LINGUIST List 15.1419

Wed May 5 2004

Diss: Computational Ling: Kan: 'Automatic text...'

Editor for this issue: Tomoko Okuno <>


  1. kanmy, Automatic text summarization as applied to information retrieval...

Message 1: Automatic text summarization as applied to information retrieval...

Date: Tue, 4 May 2004 21:28:28 -0400 (EDT)
From: kanmy <>
Subject: Automatic text summarization as applied to information retrieval...

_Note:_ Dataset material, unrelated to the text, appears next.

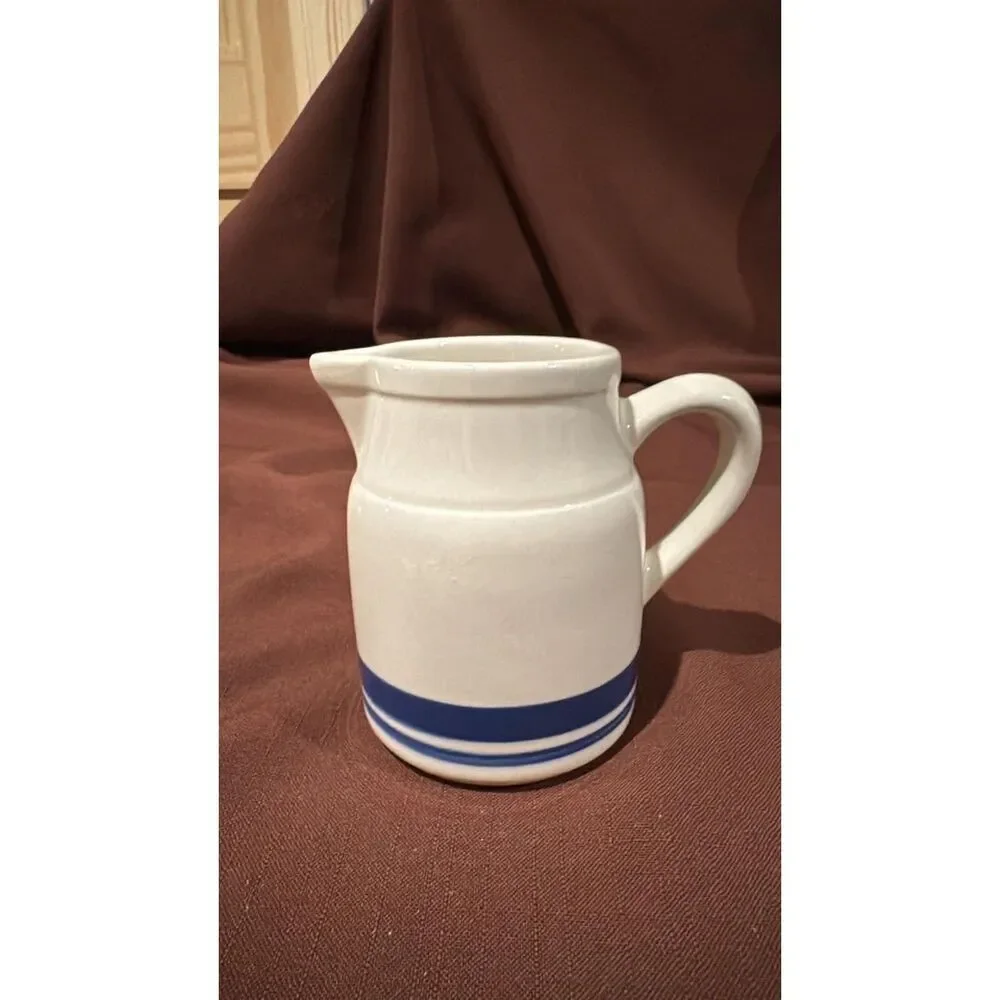 Roseville Ohio Pottery Pitcher Blue Stripes & Ivory Creamer Ivory or Syrup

Institution: Columbia University
Program: Natural Language Group Department of Computer Science
Dissertation Status: Completed
Degree Date: 2002

Author: Min-Yen Kan 

Dissertation Title: 
Automatic text summarization as applied to information retrieval:
Using indicative and informative

Dissertation URL:

Linguistic Field: Computational Linguistics 

Dissertation Director 1: Kathleen R. McKeown
Dissertation Director 2: Judith L. Klavans

Dissertation Abstract: 

I identify weaknesses with the standard "ranked list of documents"
information retrieval user interface by examining the search process
as performed in the traditional library by professional librarians and
catalogers. I distill these processes into a list of core strategies
which can be effectively fulfilled by multidocument summaries which
assist in both the searching and browsing process. This thesis
implements such automatic text summarization components to create an
alternative method of presenting search results coming from IR

As a post-processor of results coming from a search framework,
Centrifuser implements these principles by producing both informative
and indicative summaries that aid the user in information seeking
tasks. Centrifuser uses novel techniques in analyzing source articles
as a nested tree of topics, which allows the system to compare and
contrast discussions of common topics across documents, and to
identify rare topics. Documents similar in topic distribution are
grouped together to enable faster and more accurate relevance

A novel contribution in Centrifuser is the focus on generating
indicative summaries. I analyze two sources of indicative summaries
-- online public access catalog summaries as well as annotated
bibliography entries -- by examining guidelines for writing such
summaries and by cataloging types of information used in actual
summary corpora. The study reveals that metadata, such as the purpose
or audience of a resource, are important inclusions in indicative
summaries. By using the study's results, I derive an algorithm that
enables Centrifuser to author indicative summaries that both utilize
and include metadata, a novel contribution in the summarization field.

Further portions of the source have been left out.